**Work instruction:**
The result should be an exact copy of the data, free of pictures.
[[ Collected material open ]]
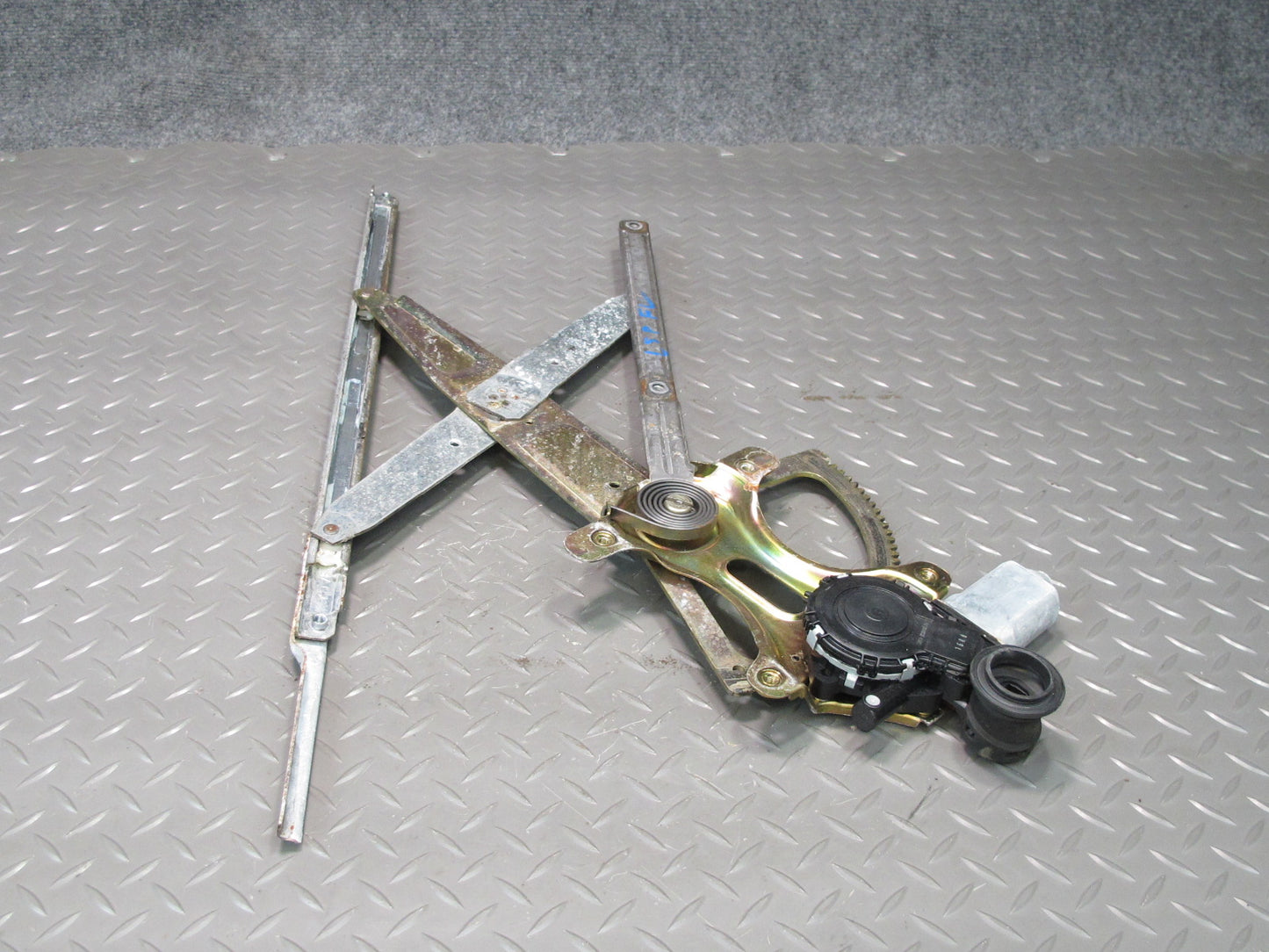 01-06 Lexus UCF30L LS430 Front Left Door Window Regulator w Motor OEM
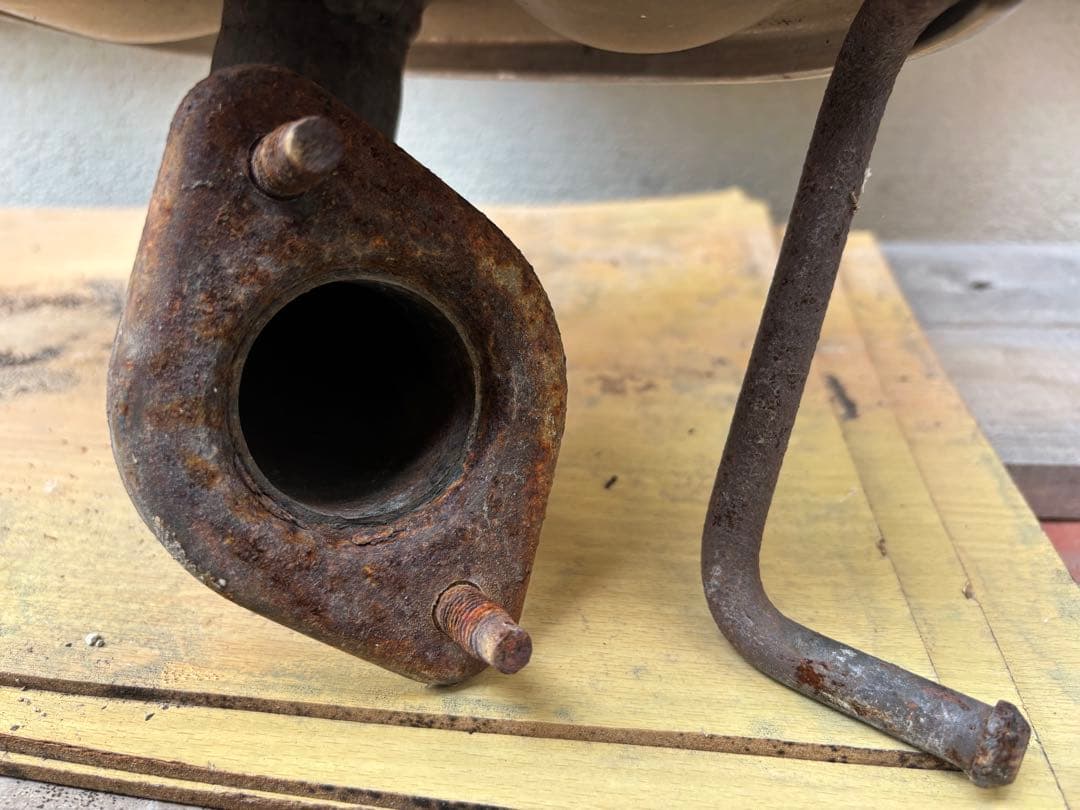 スカイラインER34用純正マフラー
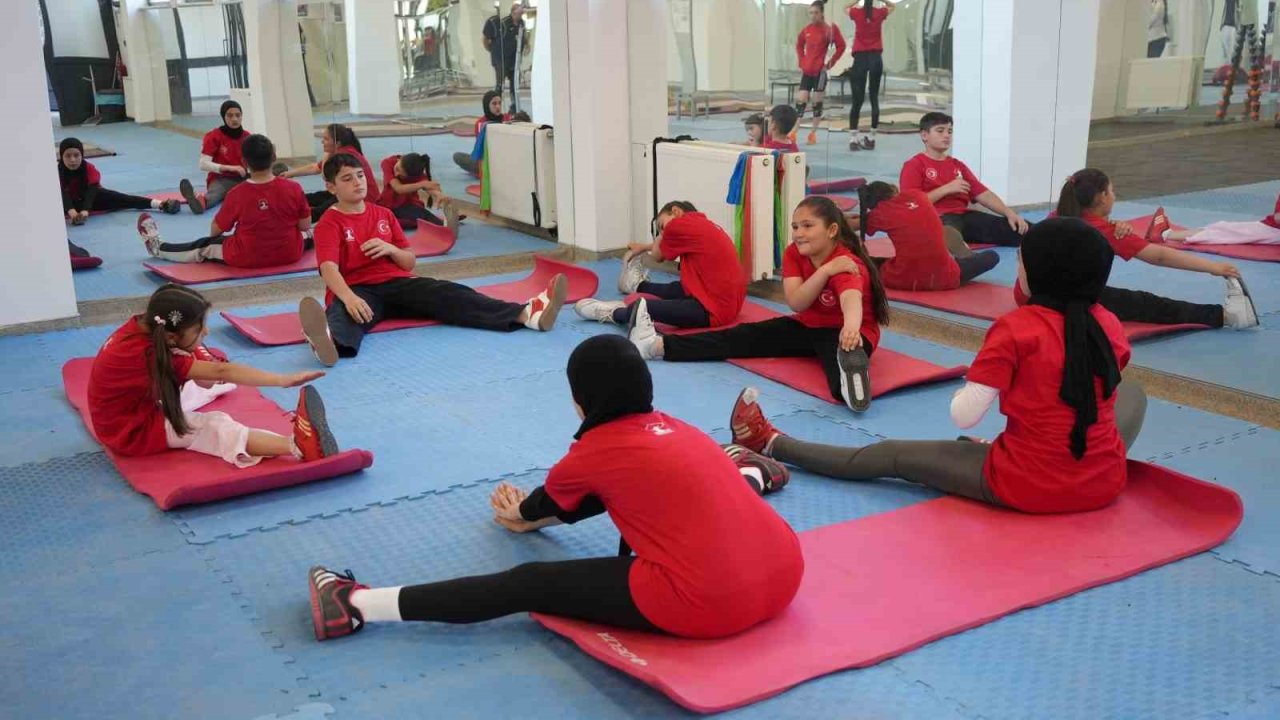 Şehitkamil yaz spor akademisi başladı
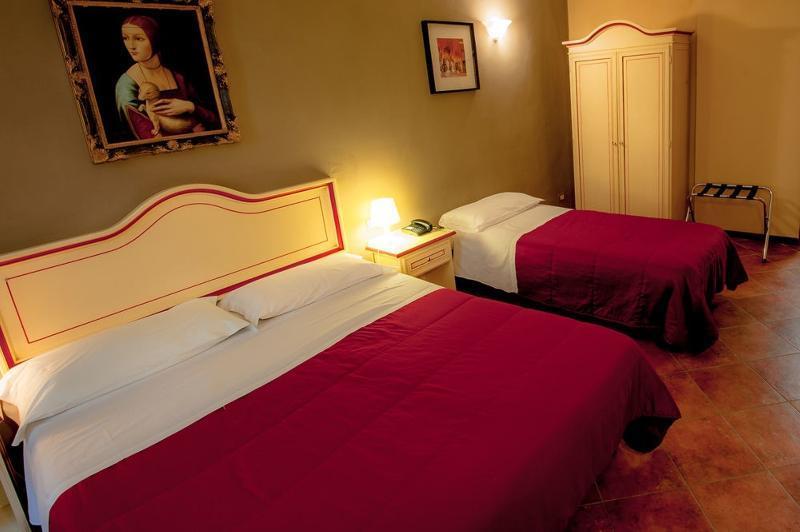 Astoria Hotel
[[ Collected material closed ]]
**Solution to the problem:**
 01-06 Lexus UCF30L LS430 Front Left Door Window Regulator w Motor OEM
 スカイラインER34用純正マフラー
 Şehitkamil yaz spor akademisi başladı
 Astoria Hotel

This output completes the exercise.